Plus, as has been pointed out, there already is an award out there for the team that best underpaid players. Why argue to make the MVP a second one? And in 2019, years and years after this kind of thinking first permeated the baseball landscape, when we know it to be the wrong way to look at things?

What’s most disappointing is that Knight wants the credit for pointing out how underpaid these players are, but she could have just written that article instead. (She at least claims to have written a much different headline, and blames an editor for a last-minute change, but I’m going to side with the editor here, who applied a headline that better applied to the actual words contained within the story, not the ones Knight imagines she wrote.) There is always room to write about how the teams that are competing often are the ones that do the best job of exploiting the system and its players, especially if those articles aren’t praising the exploitation.

With a different framing, there are entire paragraphs of this story that don’t even need to be rewritten! The problem is that it is framed the way it is, and therefore those paragraphs take on a different meaning, and that’s how I end up writing about it and you end up reading about it even if neither of us wants that to be happening right now.

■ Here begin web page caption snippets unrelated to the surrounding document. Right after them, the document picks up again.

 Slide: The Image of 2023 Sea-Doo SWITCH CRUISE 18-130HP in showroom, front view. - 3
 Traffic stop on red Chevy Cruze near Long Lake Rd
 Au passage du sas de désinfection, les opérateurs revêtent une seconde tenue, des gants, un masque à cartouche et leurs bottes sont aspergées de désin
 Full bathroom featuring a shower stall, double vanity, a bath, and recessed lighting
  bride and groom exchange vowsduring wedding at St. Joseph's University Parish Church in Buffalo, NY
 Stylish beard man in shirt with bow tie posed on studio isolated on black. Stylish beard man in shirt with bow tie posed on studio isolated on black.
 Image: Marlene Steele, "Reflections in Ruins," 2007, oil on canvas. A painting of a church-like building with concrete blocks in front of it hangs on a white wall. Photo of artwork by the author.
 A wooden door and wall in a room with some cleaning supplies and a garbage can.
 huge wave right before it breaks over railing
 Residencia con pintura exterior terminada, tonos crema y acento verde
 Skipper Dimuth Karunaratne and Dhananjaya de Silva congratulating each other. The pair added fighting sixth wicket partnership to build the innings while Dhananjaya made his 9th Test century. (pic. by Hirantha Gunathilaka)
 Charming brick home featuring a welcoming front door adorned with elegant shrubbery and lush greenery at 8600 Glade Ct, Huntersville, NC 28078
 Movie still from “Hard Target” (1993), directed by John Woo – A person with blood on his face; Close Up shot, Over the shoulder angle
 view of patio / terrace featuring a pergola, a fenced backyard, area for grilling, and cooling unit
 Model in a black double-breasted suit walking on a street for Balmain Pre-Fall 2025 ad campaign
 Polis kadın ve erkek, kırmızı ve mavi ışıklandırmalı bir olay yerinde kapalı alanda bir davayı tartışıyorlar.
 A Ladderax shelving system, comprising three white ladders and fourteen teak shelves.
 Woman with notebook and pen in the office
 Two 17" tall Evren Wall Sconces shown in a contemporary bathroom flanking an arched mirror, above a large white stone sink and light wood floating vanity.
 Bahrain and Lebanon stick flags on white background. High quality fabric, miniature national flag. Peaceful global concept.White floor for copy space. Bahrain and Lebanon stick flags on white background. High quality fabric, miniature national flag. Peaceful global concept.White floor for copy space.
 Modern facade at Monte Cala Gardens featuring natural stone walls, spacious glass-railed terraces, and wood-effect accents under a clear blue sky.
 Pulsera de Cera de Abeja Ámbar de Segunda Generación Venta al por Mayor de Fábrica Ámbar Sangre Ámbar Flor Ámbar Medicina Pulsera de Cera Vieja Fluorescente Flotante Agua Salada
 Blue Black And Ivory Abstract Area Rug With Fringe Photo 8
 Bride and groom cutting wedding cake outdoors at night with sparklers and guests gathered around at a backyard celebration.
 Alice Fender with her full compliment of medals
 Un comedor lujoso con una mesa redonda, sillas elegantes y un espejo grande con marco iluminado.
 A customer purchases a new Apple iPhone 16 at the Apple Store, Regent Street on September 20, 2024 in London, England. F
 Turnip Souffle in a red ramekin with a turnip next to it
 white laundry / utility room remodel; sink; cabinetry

I hope Knight has learned something from this, but I fear that the extremely closed-off nature of her responses to criticism of the article suggests she hasn’t. It’s a shame, too, because she’s right in that there aren’t enough journalists out there supporting overhauls to the system that would benefit the exploited players. I’m always happy to welcome another to this too-small circle, but the thing is, they have to actually be what they say they are in order for that to work.